Project 4

"I Deleted 1,000,000 Files From an S3 Bucket. My AWS Bill Didn't Change."

You think you deleted those files. AWS knows you didn't. Here's what's actually happening under the hood — and how to fix it without blowing your API budget.

Author: Javad Zeynal | April 01, 2026

Abstract

A routine cost review on a large data pipeline with sensor data landing in S3, (millions of objects) turned up something that shouldn't have surprised me but did: a cleanup job had "deleted" roughly 1,000,000 objects from a versioned bucket. The job completed without errors. The objects vanished from the console. The next invoice arrived with storage costs unchanged.

This is one of those S3 behaviors that catches teams off guard over and over again. It deserves a thorough walkthrough: what actually happens when you delete objects from a versioned bucket, why the common remedies fall short, and what it takes to truly reclaim that storage.

The Problem: Delete Doesn't Mean Delete
When versioning is enabled on an S3 bucket, a DELETE request does not remove the object. Instead, it inserts a delete marker - a zero-byte placeholder that tells S3 to behave as though the object no longer exists. The actual object data, across all of its versions, remains in the bucket. It is still stored, and it is still billed.

This is by design. Versioning exists to support recovery of accidentally deleted data, which is valuable for compliance, audit trails, and disaster recovery. The problem is that many teams enable versioning because a Terraform module or an AWS best-practice guide recommended it, without fully understanding the billing implications.

Here is where the math gets uncomfortable:

Consider 1,000,000 objects averaging 5 MB each - roughly 5 TB of storage. At S3 Standard pricing in eu-central-1 (0.0245$/GB/month), that's approximately 122.50$/month. After "deleting" all of them, storage costs remain $122.50/month. The deletion only added 1,000,000 delete markers on top - negligible in size, but they still count as objects for request pricing purposes.

There is a secondary cost here that is easy to miss: those delete markers are not inert. Every delete marker creation is a write request billed at the standard PUT rate. One million "deletes" generating one million delete markers means one million write requests — roughly 5$ at the standard 0.0054$ per 1,000 PUT requests in eu-central-1. More importantly, accumulated delete markers also count against the 5,500 GET requests-per-second per-prefix limit when listing objects. Buckets with millions of stale delete markers can experience dramatically slower listing operations, creating a compounding operational tax on top of the storage cost.

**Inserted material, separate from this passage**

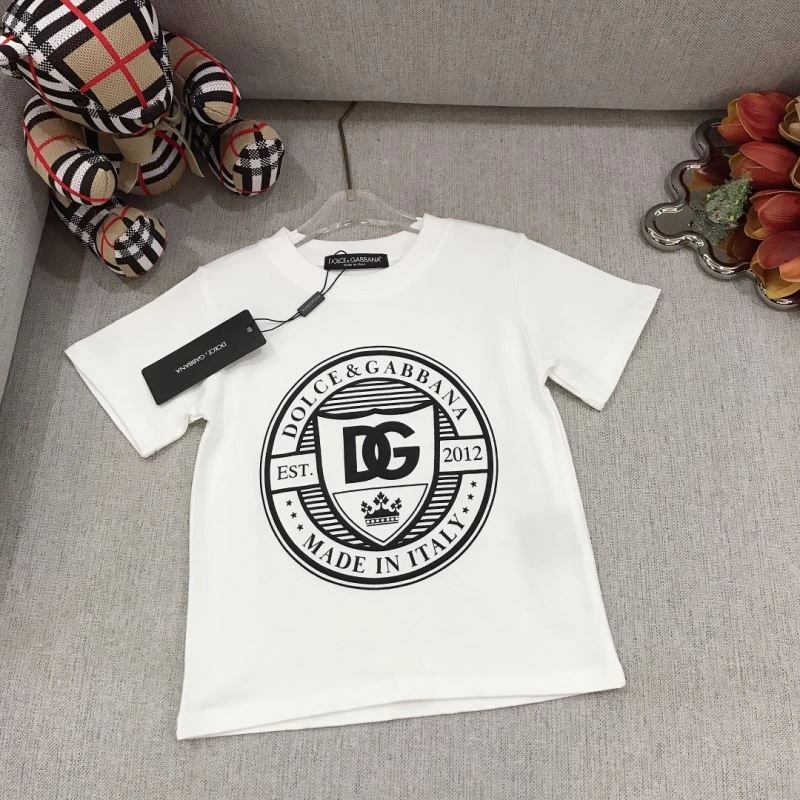 Dolce Gabbana Kids Effortless 119472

At production scale, this compounds fast. A 12 TB accumulation of noncurrent versions across several buckets - not uncommon in organizations with active data pipelines - amounts to roughly 294$/month, or over 3,500$/year, for data that everyone assumes is gone.

Why Most Teams Don't Notice
The AWS Console shares some blame here. When listing objects in a versioned bucket, the default view hides noncurrent versions and delete markers. The "Show versions" toggle must be explicitly enabled to reveal the full picture. Most operators never flip it.

The CLI behaves the same way. Running aws s3 ls shows the current view, which after deletion looks clean - empty, as expected. Seeing the underlying reality requires the more specific aws s3api list-object-versions command.
CloudWatch storage metrics report total bucket size, including all noncurrent versions. But unless someone is cross-referencing that number against what the bucket should contain, the discrepancy goes unnoticed. It just reads as "yes, that's our storage footprint."

The realization typically arrives during a cost optimization sprint, or when someone enables S3 Storage Lens and sees a bucket that should be nearly empty sitting at multiple terabytes.

Why Lifecycle Rules Don't Fully Solve This
Lifecycle rules are the first thing every team reaches for. They help, but they do not do what most people expect.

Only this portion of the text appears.